Task directions -
Your answer must hold only the lines below from the line containing "Sofia is deciding" through the line containing "The tongue muscles", each reproduced exactly.

Given records -
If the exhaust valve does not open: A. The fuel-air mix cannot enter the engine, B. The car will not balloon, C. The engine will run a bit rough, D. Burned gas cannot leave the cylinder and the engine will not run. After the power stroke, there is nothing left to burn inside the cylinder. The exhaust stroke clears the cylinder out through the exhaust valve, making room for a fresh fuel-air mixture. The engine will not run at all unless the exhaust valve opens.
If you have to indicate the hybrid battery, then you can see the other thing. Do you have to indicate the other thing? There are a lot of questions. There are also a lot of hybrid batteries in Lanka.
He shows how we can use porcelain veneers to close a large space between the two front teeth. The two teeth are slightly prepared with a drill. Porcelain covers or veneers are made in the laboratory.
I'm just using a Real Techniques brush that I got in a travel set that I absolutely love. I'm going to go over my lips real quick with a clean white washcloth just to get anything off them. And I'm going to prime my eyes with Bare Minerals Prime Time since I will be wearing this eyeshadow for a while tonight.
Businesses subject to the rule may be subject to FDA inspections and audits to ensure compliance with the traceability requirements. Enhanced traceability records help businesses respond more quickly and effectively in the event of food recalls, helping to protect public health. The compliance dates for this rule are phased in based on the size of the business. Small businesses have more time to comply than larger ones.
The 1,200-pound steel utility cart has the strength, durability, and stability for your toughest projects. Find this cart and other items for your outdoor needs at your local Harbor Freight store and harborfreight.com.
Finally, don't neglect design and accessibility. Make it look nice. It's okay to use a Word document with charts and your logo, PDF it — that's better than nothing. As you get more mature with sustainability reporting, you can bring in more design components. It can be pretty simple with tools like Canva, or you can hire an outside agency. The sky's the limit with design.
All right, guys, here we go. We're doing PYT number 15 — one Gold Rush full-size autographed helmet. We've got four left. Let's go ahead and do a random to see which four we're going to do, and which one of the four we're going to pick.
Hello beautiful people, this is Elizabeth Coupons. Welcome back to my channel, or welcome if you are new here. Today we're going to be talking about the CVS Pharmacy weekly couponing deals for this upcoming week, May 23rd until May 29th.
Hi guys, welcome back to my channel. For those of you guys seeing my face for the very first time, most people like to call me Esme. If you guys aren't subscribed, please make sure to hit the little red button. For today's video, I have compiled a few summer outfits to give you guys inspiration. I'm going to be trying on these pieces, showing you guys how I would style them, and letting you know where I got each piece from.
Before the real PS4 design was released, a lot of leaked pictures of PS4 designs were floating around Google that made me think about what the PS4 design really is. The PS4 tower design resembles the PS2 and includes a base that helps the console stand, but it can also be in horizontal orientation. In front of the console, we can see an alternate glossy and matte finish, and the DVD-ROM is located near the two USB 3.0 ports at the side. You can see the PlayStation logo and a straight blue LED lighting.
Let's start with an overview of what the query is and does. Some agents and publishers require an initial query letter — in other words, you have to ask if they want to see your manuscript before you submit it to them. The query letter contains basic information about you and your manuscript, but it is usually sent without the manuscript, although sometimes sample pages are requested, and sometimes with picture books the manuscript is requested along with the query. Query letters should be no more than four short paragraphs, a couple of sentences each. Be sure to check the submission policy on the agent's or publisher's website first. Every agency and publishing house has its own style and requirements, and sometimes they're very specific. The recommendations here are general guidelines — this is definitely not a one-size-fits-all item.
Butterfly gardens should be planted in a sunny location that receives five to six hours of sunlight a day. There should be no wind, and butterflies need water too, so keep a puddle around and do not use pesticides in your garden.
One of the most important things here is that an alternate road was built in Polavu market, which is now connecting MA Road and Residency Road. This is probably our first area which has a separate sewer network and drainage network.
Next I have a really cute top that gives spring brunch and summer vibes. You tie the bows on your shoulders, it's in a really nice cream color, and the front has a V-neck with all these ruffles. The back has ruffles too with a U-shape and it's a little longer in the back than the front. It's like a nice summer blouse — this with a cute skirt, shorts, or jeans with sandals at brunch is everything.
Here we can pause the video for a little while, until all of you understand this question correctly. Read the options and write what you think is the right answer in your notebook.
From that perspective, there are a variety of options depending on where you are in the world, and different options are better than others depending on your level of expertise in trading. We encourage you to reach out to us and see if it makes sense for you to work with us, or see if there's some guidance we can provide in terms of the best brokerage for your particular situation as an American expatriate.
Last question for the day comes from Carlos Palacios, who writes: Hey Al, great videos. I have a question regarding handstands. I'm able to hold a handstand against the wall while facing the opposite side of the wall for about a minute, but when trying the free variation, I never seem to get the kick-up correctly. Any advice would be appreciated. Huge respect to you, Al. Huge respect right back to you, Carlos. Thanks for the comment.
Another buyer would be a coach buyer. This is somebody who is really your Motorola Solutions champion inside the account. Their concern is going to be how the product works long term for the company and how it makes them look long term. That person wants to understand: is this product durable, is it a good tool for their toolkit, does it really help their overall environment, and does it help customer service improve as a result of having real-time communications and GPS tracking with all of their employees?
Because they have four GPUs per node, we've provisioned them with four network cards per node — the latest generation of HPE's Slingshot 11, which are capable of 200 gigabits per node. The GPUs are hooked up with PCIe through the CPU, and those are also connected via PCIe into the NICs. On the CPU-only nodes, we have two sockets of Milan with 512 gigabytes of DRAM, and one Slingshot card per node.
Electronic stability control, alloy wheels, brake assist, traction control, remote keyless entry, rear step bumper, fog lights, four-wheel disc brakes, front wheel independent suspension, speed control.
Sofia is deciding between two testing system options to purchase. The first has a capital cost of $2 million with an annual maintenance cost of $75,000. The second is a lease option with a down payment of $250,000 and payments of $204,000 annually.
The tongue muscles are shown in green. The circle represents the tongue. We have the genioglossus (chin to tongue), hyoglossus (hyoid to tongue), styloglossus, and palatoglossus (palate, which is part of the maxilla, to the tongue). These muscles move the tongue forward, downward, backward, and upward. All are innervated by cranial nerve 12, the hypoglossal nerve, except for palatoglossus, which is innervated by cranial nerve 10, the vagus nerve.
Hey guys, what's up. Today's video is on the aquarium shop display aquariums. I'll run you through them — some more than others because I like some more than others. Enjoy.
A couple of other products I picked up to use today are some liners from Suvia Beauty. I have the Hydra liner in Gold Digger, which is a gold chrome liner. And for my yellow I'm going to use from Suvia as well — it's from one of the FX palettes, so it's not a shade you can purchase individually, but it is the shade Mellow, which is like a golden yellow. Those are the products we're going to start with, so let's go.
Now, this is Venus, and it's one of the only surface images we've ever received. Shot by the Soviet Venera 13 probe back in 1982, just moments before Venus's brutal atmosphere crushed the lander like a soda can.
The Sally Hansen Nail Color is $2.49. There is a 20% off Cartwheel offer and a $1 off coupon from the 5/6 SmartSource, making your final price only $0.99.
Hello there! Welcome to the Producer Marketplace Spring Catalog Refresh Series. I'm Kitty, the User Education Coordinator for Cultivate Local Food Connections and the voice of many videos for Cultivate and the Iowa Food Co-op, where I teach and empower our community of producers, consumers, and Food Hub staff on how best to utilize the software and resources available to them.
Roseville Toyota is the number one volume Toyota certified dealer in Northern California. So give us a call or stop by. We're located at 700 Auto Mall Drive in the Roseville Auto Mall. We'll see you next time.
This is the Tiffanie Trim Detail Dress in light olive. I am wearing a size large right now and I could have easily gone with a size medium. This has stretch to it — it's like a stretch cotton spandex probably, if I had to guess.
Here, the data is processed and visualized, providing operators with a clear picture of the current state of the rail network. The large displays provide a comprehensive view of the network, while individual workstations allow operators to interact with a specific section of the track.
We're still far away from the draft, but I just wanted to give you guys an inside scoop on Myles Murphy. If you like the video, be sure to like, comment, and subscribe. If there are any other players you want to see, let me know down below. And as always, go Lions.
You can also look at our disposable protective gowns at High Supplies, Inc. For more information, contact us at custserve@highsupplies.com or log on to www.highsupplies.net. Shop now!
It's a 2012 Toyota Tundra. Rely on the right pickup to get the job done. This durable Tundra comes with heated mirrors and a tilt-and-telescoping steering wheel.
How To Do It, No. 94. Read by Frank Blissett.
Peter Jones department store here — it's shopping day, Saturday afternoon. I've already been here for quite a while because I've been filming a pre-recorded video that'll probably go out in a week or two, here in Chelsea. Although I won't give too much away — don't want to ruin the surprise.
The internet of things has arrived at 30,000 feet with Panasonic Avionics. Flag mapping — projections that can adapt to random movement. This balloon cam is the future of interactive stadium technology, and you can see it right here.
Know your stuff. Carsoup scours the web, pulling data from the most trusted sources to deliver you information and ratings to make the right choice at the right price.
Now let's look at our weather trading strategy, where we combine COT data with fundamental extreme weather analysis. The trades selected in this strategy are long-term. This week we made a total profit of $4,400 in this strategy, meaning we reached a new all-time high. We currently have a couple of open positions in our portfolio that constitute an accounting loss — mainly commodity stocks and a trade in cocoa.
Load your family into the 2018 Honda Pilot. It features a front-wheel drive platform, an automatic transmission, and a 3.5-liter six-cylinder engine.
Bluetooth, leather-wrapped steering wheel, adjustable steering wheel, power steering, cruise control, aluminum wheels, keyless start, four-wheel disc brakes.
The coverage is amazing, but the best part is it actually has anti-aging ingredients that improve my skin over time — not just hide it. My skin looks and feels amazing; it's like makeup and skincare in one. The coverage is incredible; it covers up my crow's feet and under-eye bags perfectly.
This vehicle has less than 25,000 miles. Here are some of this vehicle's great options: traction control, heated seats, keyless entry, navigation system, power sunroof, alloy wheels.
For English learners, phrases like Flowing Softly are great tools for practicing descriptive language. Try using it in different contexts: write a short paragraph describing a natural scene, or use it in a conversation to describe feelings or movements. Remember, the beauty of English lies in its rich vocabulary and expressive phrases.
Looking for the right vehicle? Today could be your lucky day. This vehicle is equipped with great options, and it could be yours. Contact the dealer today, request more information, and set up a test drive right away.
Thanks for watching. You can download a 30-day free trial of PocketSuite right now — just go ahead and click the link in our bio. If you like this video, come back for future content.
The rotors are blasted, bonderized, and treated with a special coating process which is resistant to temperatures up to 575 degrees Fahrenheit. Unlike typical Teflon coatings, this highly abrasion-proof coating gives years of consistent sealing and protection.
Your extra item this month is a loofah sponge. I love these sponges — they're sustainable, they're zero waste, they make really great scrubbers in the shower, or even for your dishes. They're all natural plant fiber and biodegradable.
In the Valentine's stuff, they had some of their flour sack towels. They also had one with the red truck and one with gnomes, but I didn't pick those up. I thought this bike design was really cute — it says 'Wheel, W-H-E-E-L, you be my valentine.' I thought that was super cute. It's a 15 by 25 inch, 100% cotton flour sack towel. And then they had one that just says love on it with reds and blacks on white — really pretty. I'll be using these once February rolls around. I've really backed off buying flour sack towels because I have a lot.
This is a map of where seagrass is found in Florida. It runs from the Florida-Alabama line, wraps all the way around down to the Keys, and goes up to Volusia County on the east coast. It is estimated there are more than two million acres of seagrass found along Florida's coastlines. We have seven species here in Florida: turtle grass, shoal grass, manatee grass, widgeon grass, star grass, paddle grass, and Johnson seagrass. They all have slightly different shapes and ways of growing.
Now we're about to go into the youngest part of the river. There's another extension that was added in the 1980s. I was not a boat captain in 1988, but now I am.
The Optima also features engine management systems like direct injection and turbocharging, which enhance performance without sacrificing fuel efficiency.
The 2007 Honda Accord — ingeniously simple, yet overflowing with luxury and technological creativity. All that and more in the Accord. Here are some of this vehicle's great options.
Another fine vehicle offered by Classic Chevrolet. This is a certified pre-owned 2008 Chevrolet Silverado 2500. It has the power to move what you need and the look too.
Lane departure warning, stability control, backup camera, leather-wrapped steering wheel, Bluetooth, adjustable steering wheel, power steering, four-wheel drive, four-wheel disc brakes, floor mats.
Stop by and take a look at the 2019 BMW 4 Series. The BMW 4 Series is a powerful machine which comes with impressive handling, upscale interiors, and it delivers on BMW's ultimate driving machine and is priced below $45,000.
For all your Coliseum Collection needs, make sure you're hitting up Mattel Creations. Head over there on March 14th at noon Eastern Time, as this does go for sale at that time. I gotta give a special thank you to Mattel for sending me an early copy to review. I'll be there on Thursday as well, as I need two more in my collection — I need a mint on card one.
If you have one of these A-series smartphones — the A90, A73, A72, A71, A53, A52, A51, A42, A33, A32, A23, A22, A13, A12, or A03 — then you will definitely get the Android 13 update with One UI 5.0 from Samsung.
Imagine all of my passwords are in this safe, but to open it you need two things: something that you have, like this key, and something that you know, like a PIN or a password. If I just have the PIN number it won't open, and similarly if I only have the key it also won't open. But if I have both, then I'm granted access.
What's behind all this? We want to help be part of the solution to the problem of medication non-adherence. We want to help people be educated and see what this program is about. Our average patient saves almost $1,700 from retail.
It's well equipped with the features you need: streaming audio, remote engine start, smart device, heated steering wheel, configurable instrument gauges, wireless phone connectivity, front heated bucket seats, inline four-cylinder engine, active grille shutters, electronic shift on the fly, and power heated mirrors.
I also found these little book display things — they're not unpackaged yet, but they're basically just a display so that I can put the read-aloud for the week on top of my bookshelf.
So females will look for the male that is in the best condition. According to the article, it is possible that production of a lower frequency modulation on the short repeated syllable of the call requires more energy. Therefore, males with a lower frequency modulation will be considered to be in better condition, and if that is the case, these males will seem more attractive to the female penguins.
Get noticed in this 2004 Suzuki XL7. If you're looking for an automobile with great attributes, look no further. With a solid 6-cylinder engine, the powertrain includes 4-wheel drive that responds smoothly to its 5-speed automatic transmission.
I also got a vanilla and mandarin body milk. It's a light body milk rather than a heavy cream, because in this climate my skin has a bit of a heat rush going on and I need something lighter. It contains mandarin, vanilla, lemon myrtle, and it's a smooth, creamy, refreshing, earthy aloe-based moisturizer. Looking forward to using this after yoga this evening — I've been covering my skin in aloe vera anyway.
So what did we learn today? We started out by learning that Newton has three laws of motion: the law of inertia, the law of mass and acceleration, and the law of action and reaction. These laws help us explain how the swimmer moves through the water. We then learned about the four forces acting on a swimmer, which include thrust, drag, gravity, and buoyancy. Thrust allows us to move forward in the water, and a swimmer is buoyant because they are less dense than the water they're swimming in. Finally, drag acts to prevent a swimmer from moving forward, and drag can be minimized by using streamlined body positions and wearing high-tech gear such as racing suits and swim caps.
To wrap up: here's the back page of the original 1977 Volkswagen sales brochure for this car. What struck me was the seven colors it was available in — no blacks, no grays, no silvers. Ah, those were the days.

Result of this exercise -
Sofia is deciding between two testing system options to purchase. The first has a capital cost of $2 million with an annual maintenance cost of $75,000. The second is a lease option with a down payment of $250,000 and payments of $204,000 annually.
The tongue muscles are shown in green. The circle represents the tongue. We have the genioglossus (chin to tongue), hyoglossus (hyoid to tongue), styloglossus, and palatoglossus (palate, which is part of the maxilla, to the tongue). These muscles move the tongue forward, downward, backward, and upward. All are innervated by cranial nerve 12, the hypoglossal nerve, except for palatoglossus, which is innervated by cranial nerve 10, the vagus nerve.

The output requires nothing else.